- DATA EXCERPTS:
==============================

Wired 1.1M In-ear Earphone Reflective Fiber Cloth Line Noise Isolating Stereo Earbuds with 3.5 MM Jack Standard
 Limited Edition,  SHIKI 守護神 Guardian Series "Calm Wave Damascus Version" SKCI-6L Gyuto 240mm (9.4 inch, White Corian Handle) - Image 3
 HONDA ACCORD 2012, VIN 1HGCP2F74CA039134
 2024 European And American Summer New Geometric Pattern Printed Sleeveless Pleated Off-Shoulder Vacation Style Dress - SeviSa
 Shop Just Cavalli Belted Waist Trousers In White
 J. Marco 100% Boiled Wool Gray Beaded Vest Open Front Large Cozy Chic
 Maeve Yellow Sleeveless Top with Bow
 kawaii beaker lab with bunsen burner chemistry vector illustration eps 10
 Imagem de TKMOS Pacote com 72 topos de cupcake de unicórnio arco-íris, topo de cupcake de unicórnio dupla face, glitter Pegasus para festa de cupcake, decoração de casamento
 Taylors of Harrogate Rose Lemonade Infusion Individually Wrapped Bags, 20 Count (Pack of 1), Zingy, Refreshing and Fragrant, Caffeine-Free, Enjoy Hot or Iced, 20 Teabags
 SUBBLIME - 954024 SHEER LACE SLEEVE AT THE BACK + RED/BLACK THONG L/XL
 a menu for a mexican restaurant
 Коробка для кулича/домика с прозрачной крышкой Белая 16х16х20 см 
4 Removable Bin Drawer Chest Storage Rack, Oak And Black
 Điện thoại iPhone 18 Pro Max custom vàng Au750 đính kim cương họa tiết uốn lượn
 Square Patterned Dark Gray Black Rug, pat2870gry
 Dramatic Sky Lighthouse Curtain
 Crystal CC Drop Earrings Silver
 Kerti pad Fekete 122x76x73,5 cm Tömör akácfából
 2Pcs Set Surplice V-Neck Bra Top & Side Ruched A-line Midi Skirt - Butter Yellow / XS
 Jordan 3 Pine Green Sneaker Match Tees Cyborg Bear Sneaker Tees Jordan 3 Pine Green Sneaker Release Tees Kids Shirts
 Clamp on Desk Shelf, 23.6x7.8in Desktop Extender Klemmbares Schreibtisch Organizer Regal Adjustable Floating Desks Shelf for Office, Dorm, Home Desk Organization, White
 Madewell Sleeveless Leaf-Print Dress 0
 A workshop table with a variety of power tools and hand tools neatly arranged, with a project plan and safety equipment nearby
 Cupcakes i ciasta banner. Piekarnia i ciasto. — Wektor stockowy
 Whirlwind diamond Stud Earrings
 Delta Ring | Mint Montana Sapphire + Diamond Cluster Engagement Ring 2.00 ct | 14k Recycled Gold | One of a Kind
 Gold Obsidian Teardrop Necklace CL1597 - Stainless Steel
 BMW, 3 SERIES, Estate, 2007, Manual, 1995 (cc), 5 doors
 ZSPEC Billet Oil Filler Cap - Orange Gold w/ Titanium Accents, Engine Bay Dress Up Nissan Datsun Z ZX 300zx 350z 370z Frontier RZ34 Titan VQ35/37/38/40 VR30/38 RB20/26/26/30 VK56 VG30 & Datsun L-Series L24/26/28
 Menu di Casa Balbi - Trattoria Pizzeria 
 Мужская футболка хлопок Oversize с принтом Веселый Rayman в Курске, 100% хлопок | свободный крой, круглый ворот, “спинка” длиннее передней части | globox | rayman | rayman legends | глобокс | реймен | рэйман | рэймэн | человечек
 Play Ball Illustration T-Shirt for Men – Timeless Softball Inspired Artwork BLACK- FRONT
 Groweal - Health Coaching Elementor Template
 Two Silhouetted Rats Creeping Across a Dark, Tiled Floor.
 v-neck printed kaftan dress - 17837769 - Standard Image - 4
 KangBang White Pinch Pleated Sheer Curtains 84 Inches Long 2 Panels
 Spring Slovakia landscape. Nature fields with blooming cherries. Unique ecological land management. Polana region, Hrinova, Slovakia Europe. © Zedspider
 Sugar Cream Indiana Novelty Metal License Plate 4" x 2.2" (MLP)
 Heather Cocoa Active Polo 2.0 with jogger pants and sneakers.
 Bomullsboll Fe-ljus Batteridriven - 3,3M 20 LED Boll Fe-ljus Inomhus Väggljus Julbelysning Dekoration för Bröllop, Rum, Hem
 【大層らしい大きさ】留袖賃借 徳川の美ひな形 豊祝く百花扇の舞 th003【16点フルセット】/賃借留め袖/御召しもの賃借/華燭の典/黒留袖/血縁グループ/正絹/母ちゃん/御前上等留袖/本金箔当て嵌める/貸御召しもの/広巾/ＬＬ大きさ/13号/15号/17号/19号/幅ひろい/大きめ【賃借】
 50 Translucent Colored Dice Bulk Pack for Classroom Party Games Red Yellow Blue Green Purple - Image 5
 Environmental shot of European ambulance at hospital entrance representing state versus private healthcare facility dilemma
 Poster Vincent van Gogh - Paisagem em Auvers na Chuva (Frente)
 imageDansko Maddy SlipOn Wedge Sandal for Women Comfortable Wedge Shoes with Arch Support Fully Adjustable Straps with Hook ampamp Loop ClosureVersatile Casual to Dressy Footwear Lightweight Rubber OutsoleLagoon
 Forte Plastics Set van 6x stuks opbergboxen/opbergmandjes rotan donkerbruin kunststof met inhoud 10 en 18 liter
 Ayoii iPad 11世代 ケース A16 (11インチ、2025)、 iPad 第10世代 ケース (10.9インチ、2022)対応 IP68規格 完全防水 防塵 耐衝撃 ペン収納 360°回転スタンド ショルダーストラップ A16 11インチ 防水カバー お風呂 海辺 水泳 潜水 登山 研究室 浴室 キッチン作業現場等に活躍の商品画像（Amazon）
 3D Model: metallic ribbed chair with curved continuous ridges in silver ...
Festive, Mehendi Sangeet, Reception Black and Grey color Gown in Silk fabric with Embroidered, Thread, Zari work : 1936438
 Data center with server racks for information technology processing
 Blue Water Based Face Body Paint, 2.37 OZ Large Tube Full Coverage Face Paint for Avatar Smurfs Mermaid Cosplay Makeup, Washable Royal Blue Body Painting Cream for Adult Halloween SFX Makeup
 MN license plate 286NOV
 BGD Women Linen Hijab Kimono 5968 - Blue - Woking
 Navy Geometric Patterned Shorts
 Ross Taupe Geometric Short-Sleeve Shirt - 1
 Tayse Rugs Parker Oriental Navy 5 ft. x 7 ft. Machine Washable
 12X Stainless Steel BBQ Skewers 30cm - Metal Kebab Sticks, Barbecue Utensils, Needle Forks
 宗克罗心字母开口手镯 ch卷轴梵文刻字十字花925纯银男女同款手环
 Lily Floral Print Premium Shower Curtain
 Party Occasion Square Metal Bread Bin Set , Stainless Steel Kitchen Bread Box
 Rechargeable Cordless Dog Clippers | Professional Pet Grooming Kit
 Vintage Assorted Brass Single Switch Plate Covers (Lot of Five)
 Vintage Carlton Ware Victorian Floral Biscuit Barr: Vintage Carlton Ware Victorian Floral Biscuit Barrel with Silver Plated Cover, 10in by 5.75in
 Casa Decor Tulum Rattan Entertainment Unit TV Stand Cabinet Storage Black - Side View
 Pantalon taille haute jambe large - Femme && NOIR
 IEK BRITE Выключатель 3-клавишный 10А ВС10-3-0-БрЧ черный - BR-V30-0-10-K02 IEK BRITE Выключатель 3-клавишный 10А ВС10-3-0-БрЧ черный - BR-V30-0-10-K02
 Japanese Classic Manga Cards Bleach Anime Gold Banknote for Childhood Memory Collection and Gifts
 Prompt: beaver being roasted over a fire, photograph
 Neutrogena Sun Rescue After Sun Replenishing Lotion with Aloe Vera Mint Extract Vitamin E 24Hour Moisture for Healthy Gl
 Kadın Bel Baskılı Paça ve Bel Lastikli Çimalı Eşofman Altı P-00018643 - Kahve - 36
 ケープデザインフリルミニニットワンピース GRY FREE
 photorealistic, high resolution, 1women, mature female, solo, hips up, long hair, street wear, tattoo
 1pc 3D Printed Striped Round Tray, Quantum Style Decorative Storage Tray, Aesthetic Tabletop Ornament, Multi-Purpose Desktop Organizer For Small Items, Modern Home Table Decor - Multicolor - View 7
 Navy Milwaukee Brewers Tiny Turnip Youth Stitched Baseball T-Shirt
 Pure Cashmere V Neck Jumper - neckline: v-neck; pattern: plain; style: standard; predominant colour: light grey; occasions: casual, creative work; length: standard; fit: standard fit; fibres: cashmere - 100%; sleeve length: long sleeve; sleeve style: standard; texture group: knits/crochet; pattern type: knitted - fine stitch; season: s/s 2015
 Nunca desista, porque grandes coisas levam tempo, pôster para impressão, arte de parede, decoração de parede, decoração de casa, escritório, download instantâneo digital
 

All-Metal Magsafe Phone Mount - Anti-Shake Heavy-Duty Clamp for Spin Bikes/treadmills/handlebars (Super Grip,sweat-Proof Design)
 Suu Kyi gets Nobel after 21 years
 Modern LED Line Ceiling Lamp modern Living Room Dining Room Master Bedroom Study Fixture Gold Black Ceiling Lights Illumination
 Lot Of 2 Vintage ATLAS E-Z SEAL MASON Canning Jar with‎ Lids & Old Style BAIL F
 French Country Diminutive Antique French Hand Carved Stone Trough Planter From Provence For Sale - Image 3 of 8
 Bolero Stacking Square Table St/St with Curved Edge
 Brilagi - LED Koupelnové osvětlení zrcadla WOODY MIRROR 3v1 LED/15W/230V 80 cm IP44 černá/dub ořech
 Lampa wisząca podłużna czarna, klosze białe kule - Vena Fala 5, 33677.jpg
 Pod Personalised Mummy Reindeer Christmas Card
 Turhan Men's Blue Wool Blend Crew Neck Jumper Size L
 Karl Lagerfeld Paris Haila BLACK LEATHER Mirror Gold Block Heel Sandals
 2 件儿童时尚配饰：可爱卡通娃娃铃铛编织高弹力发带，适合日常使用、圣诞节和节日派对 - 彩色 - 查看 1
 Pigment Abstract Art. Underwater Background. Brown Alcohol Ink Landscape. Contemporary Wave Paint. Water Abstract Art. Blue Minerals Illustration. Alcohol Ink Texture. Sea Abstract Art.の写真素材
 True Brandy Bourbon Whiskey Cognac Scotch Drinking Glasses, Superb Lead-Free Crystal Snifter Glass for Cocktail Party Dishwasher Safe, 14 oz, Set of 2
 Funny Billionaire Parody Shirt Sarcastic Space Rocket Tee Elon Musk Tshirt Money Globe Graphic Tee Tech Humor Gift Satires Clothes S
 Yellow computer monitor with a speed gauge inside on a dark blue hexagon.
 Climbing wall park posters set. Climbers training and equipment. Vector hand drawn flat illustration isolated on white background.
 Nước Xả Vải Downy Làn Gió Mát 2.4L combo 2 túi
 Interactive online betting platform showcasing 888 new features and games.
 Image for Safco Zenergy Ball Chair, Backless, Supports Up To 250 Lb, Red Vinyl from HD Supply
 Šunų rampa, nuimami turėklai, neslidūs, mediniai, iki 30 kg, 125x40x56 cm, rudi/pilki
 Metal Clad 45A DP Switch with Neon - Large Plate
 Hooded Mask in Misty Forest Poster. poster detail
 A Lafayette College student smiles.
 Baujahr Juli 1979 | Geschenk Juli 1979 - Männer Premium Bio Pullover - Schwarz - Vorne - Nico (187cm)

==============================

- WHAT IS REQUIRED: Only a number is wanted. Count the lines of the data that contain "Clamp".

- RESULT OF THIS TASK: 2